Chapitre XVI – Psychanalyse et morale

Les normes et les valeurs morales font partie de la réalité sociale. En tant que discipline anthropologique, la psychanalyse les rencontre. Dans la cure, le psychanalyste traite des patients aux prises avec des problèmes moraux et la culpabilité névrotique ; la sublimation est considérée comme une des issues heureuses du conflit inconscient. Tout ceci pose la question des rapports de la psychanalyse et de la morale. On lui a reproché d’être amorale, voire immorale, et de ne pas compléter le traitement par une action moralisatrice ; d’autres, il est vrai, lui reprochent de receler une morale occulte. Ces spéculations font écho aux revendications des patients, qui souvent réclament du psychanalyste des punitions ou des récompenses, des blâmes ou des éloges.

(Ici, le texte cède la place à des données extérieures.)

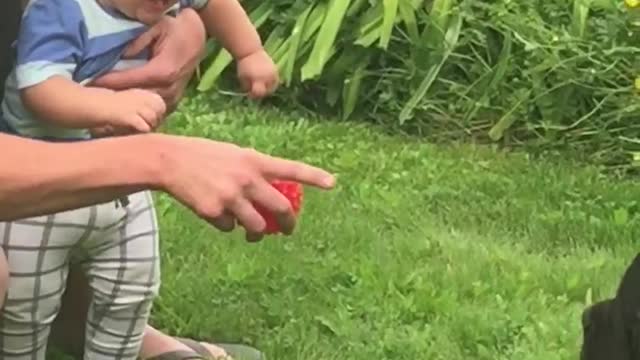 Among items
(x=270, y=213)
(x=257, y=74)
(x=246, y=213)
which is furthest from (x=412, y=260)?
(x=246, y=213)

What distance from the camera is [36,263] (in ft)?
11.0

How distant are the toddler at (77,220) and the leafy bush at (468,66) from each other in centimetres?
279

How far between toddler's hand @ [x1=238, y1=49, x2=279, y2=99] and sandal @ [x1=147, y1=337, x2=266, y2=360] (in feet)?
2.07

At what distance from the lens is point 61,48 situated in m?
3.27

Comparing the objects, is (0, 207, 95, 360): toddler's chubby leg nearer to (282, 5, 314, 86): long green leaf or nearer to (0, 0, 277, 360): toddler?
(0, 0, 277, 360): toddler

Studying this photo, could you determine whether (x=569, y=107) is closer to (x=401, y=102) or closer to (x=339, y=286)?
(x=401, y=102)

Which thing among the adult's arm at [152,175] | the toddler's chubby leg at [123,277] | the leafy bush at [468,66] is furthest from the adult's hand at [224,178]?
the leafy bush at [468,66]

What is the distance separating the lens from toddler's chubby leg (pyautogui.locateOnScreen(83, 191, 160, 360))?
3.44m

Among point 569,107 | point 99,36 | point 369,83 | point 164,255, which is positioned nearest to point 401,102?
point 369,83

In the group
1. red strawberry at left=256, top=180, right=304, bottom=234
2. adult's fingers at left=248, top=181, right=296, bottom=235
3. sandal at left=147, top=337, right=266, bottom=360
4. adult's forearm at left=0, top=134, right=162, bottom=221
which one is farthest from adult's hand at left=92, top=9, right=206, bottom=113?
adult's fingers at left=248, top=181, right=296, bottom=235

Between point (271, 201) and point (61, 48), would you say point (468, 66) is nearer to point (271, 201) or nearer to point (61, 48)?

L’accusation d’immoralité se rattache à des malentendus. En face de toutes les manifestations du patient, le psychanalyste doit conserver une attitude réceptive, exempte de réprobation ; l’interprétation s’attache à réduire les défenses du Moi et la culpabilité névrotique ; une certaine libération des tendances sexuelles et agressives est un but partiel de la cure. Ainsi se développe parfois le malentendu selon lequel l’analyse devrait affranchir de toute culpabilité et permettre de faire tout ce qu’on veut.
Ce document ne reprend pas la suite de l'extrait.